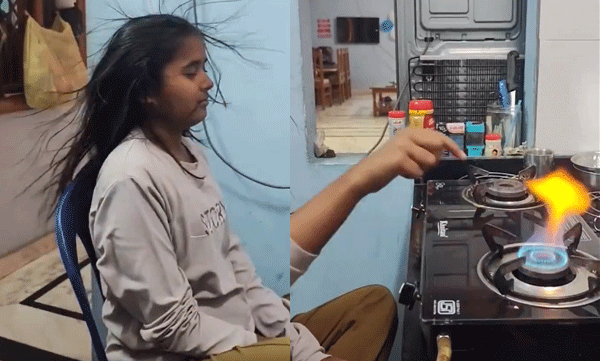video-of-woman-lighting-gas-stove-using-finger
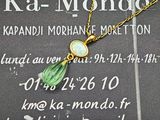une chaîne en or à laquelle est accroché un pendentif en verre vert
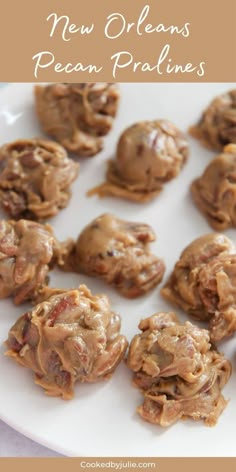 a white plate topped with cookies covered in peanut butter and chocolate frosting next to text that reads new orleans pecan pralies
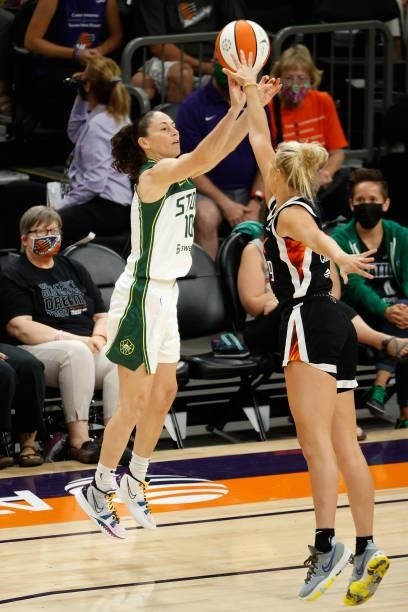 Sue Bird of the Seattle Storm attempts a shot over Sophie Cunningham of the Phoenix Mercury during the first half of the WNBA game at Phoenix Suns...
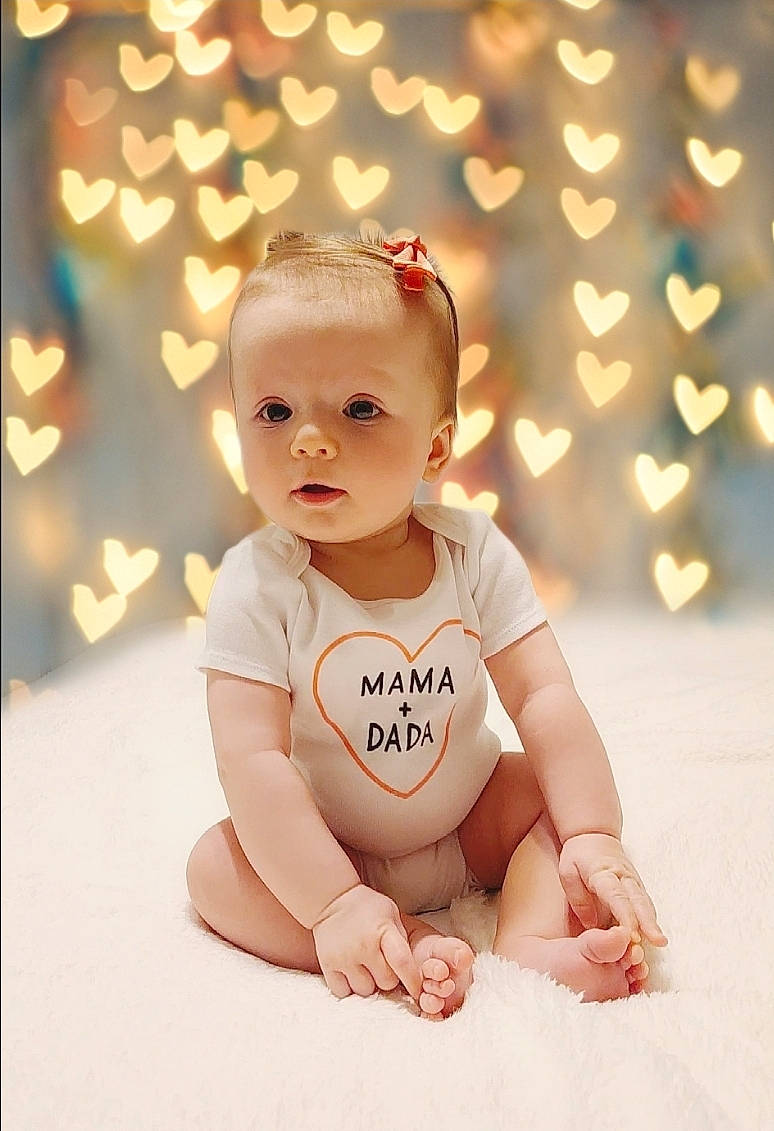 Myla joined the competition — help win amazing prizes! baby, baby_toddler_clothing, cheek, child, finger, flash_photography, flooring, foot, fun, grass, happy, human_leg, knee, nail, people_in_nature, person, portrait_photography, sitting, sleeve, toddler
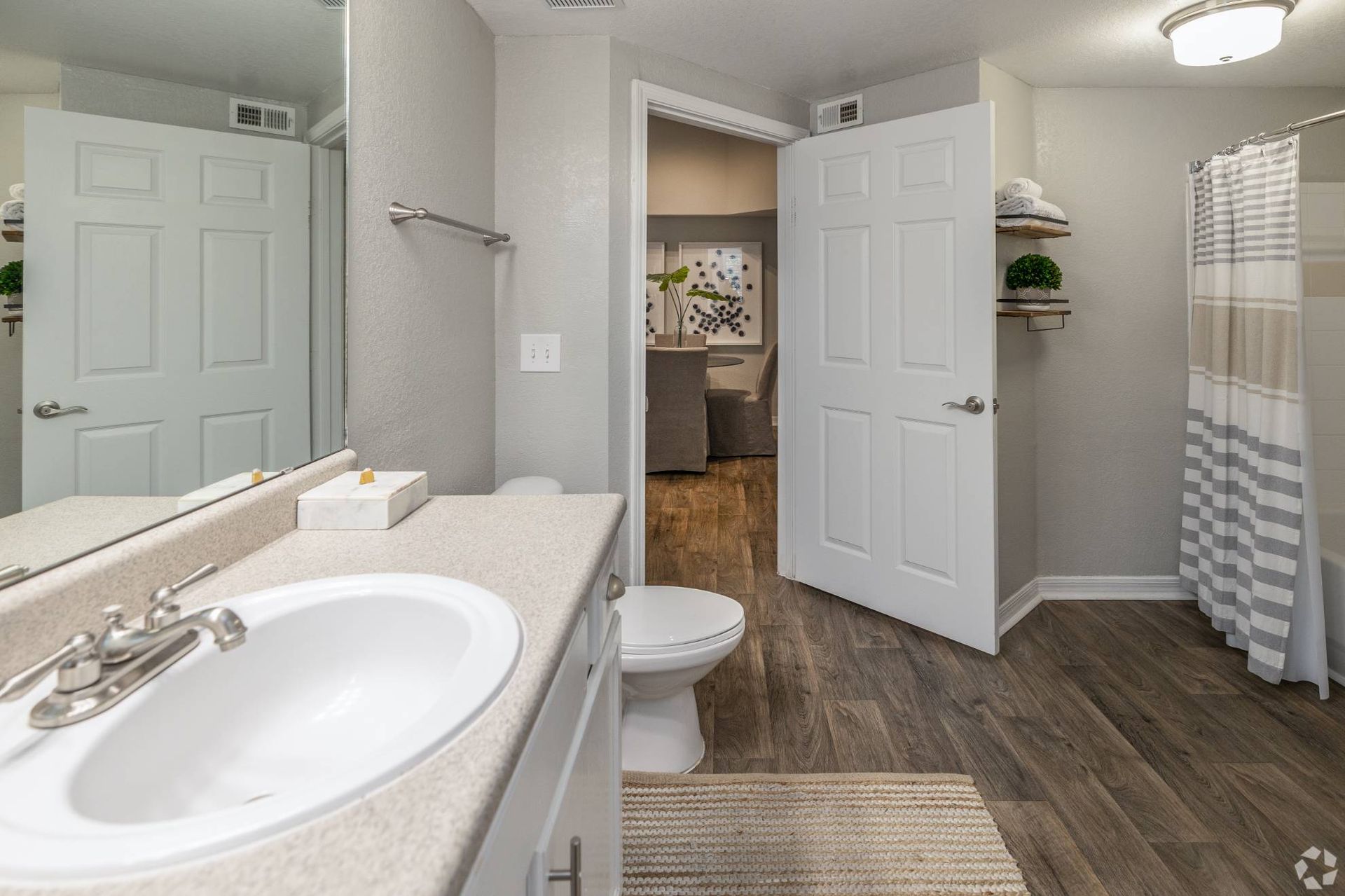 Bathroom in an apartment unit with a sink, toilet, and shower/tub.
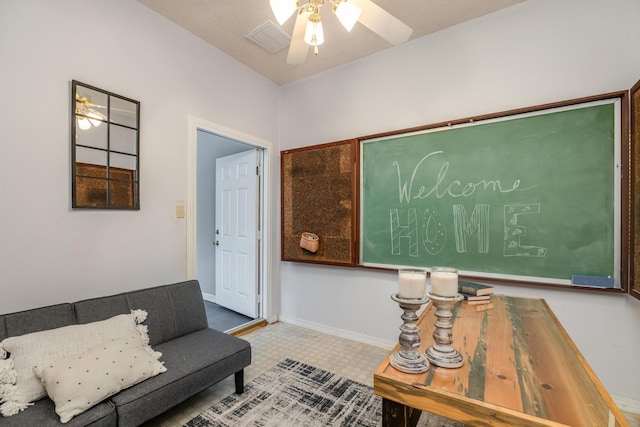 living room featuring ceiling fan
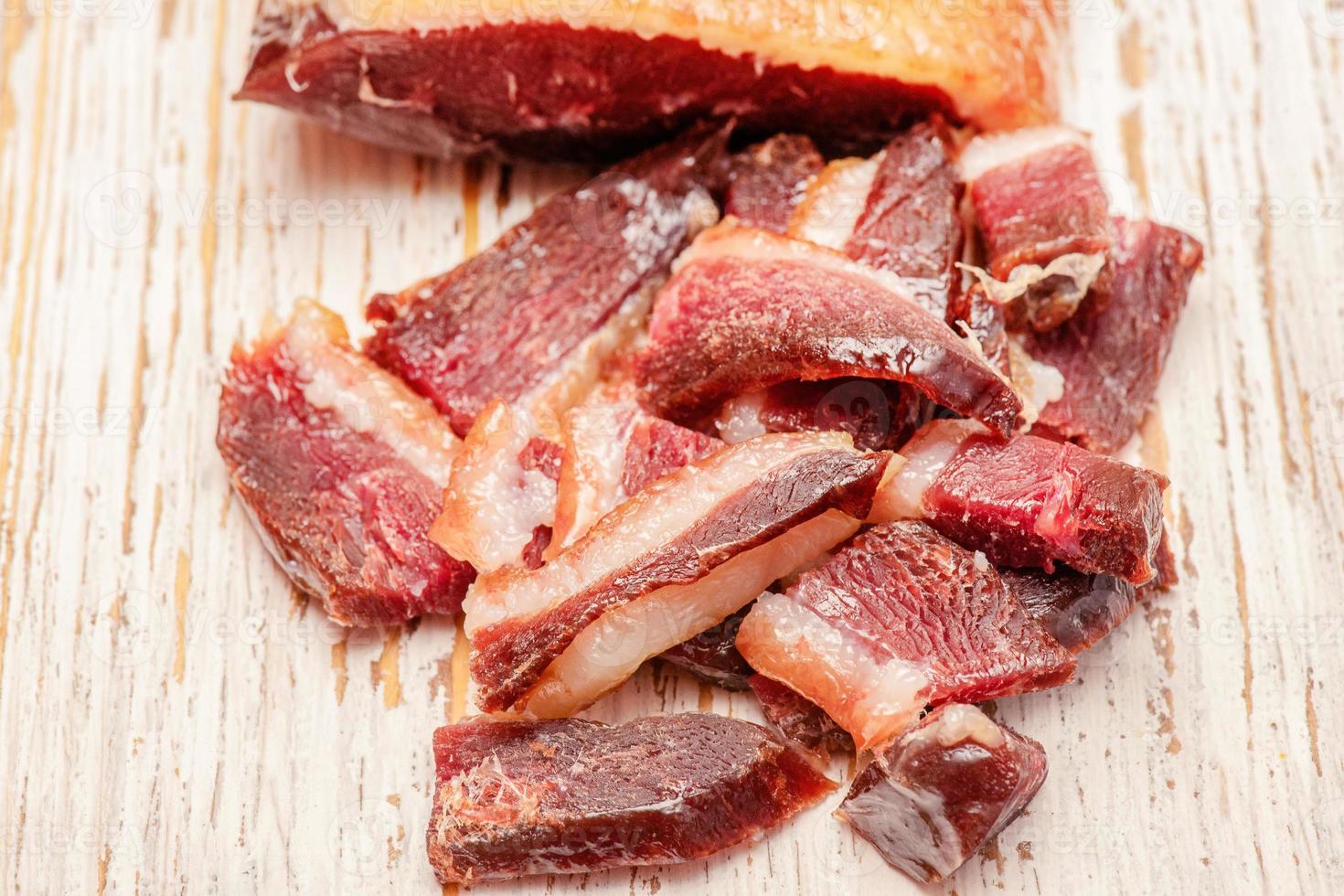 Food photography, poultry meat. Dry-cured duck on a white aged board. photo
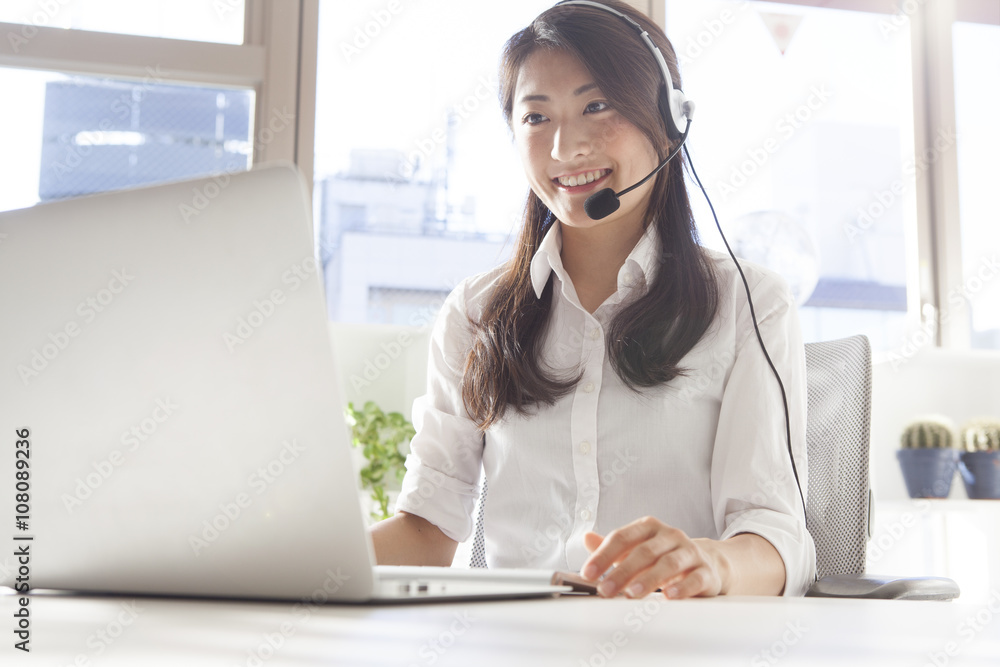 Young women are the correspondence of the customer with the headset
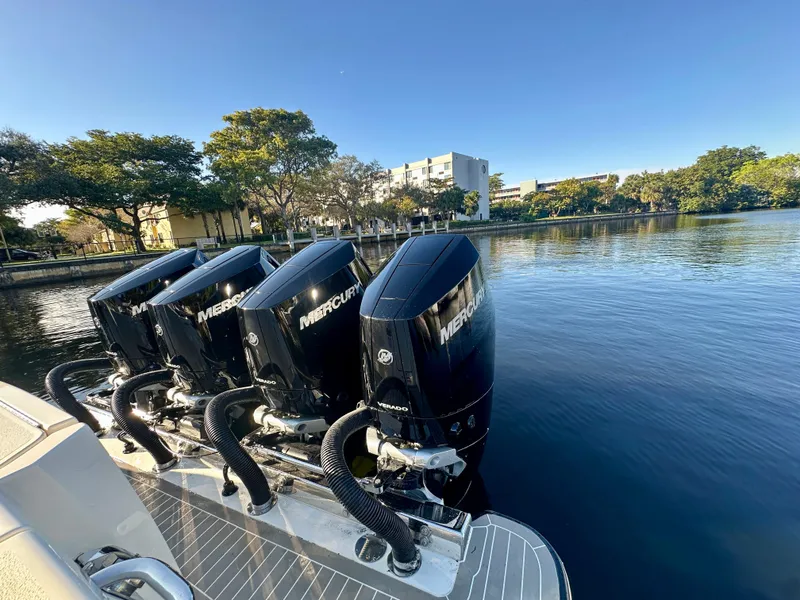 Slide: The Image of 2025 Scout 425 LXF boat with four Mercury outboard engines on a calm lake. - 25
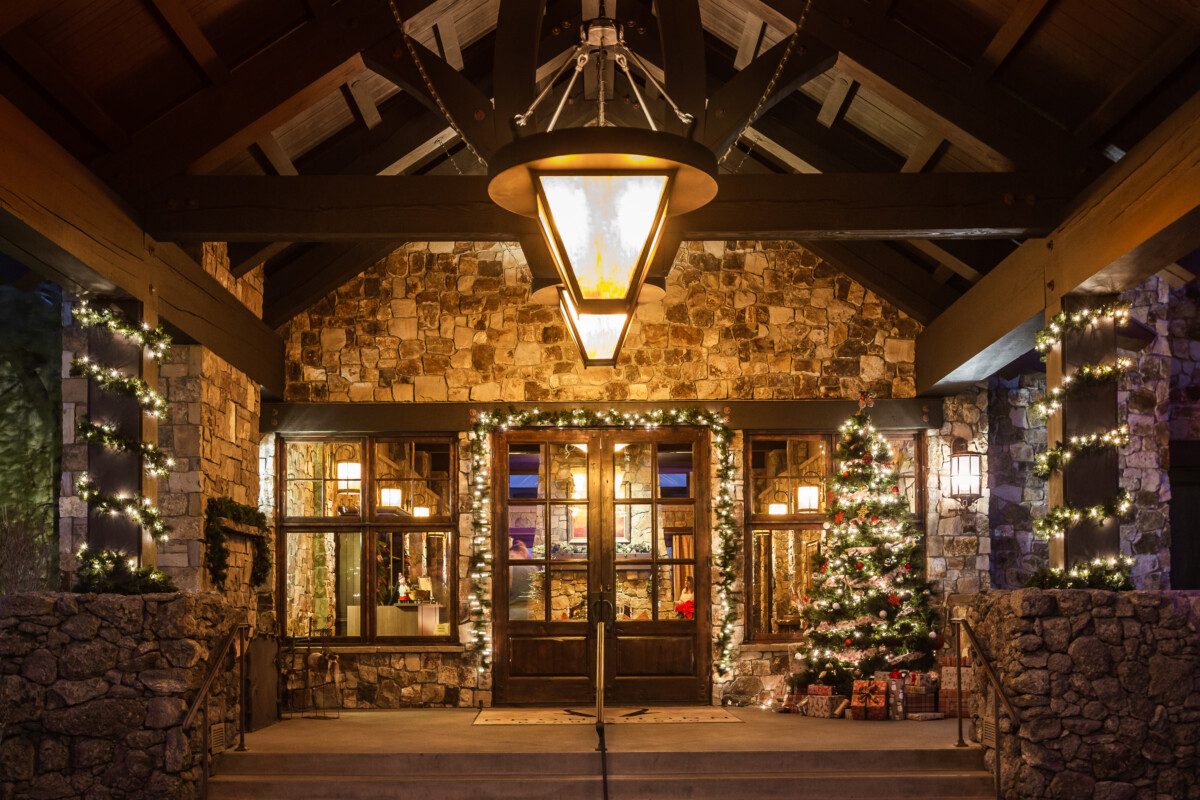 Juniper Preserve Resort entrance in Bend, Oregon decorated for the holidays with a lit Christmas tree, wrapped gifts, and garland lighting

> Assigned task: Leave out the pictures, and write out exactly the lines from the one containing "living room featuring ceiling fan" through the last line of the listing, both included.

> Answer section:
 living room featuring ceiling fan
 Food photography, poultry meat. Dry-cured duck on a white aged board. photo
 Young women are the correspondence of the customer with the headset
 Slide: The Image of 2025 Scout 425 LXF boat with four Mercury outboard engines on a calm lake. - 25
 Juniper Preserve Resort entrance in Bend, Oregon decorated for the holidays with a lit Christmas tree, wrapped gifts, and garland lighting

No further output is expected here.